Records shown >>
* * * *

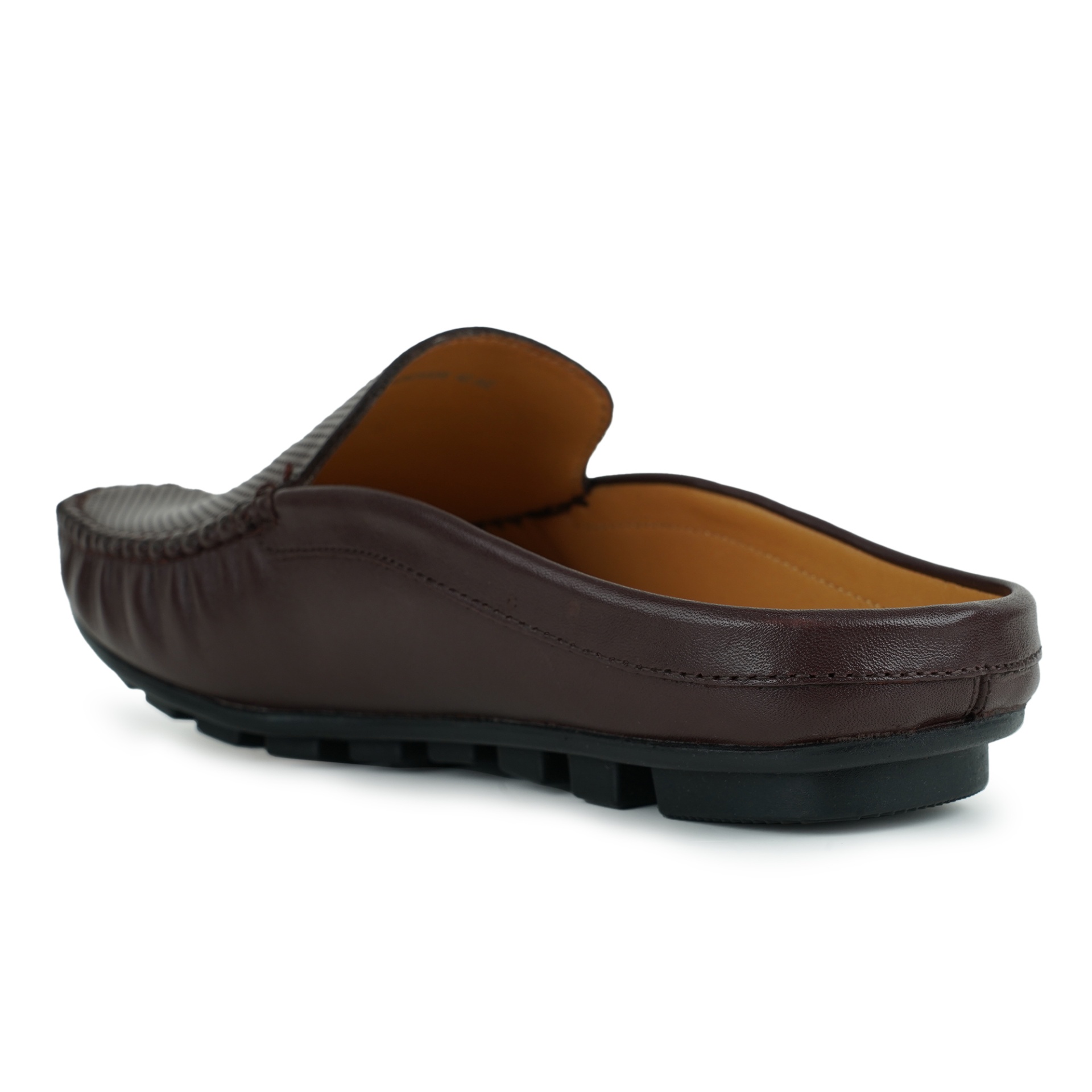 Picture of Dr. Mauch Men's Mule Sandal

* * * *

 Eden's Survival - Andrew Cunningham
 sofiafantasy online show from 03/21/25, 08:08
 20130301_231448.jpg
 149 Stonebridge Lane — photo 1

* * * *

Work request >>
Starting at the line above that contains "sofiafantasy online show", write out each line exactly until the line that contains "149 Stonebridge Lane — photo 1" has been written, and stop there.

Final answer >>
 sofiafantasy online show from 03/21/25, 08:08
 20130301_231448.jpg
 149 Stonebridge Lane — photo 1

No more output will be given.